The study is an example of engaged scholarship as proposed by Van de Ven and Johnson (2006) and a baseline study of a time series design from 2001-2008 comparing the effects of a “current treatment” in social work in The Netherlands at t0; explaining the collaborative design between practitioners, innovation consultants and scholars of a “new treatment”; and measuring the effects on social quality at t1.
The paper provides insight in the level of social quality of clients in a situation of poverty and social exclusion. Lessons learned from workplace learning as creation in social work practice provides input for improving work practices through training and development of social workers.
Early notions for a potential new “treatment” have clearly not been fully dealt with in this baseline study. As stated this base-line study aims at overcoming the lack of insight in the client’s life-world and open the black box to gain fresh insights. This is clearly just a first step of a much longer learning and creation process. Now that more insight in the clients life world is available, engaged researchers have proposed a new, more productive mindset of clients in a situation of poverty and social exclusion that they should not be regarded as a “granite base”, but rather as “architects and builders” of their own life–worlds, with the social services as the “main contractor” to build trust, empower by helping to explicate personal survival strategies and planning for social inclusion (Van Damme, 1999). The limited number of respondents (N = 31) in this study is a limitation of this study, and findings cannot be generalised. Findings are no more than early indications and are not representative for other populations. Further research on a larger scale and in other research settings is needed.
Implications are that design principles for a new and more participatory and socially oriented approach for workplace learning as creation should include the role of building trust in establishing relational quality between the public service organisation, other institutions and the client.
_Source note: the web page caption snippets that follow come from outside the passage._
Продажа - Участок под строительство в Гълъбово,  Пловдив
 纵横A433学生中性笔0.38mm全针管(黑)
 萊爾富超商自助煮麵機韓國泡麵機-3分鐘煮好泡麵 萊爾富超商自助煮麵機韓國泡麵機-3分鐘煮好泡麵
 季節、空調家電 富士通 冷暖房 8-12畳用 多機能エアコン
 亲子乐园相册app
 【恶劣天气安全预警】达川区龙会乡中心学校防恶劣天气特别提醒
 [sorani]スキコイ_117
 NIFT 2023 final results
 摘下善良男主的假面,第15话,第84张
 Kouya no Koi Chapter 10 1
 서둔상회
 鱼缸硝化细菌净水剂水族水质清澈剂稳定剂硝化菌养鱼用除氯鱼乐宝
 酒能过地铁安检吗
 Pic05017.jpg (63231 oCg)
First indications are that trust and empowerment may better enable clients in a situation of poverty and social exclusion to take charge of the design of their own lives and to construct and co-construct it accordingly. The role of actors from social services to build trusted relations, empower and co-construct an improved reality bear both elements of social learning, through dialogue (construct and co-construct knowledge = to know) and elements from social empowerment as part of the social quality concept (to act). Understanding the effects of the “current treatment” as input for workplace learning allows for an improved connection between practice and theory on workplace learning and social quality, thereby making a decisive contribution in closing the gap between real-world complex issues and education.
A better understanding of the aspects of social quality and social exclusion from theory and from social work practice.
The original contribution of the research is the provision of insight into the complexity of workplace learning in social work when dealing with poverty and social exclusion. The focus on both the process of learning, as well as the outcome of learning, can be considered original.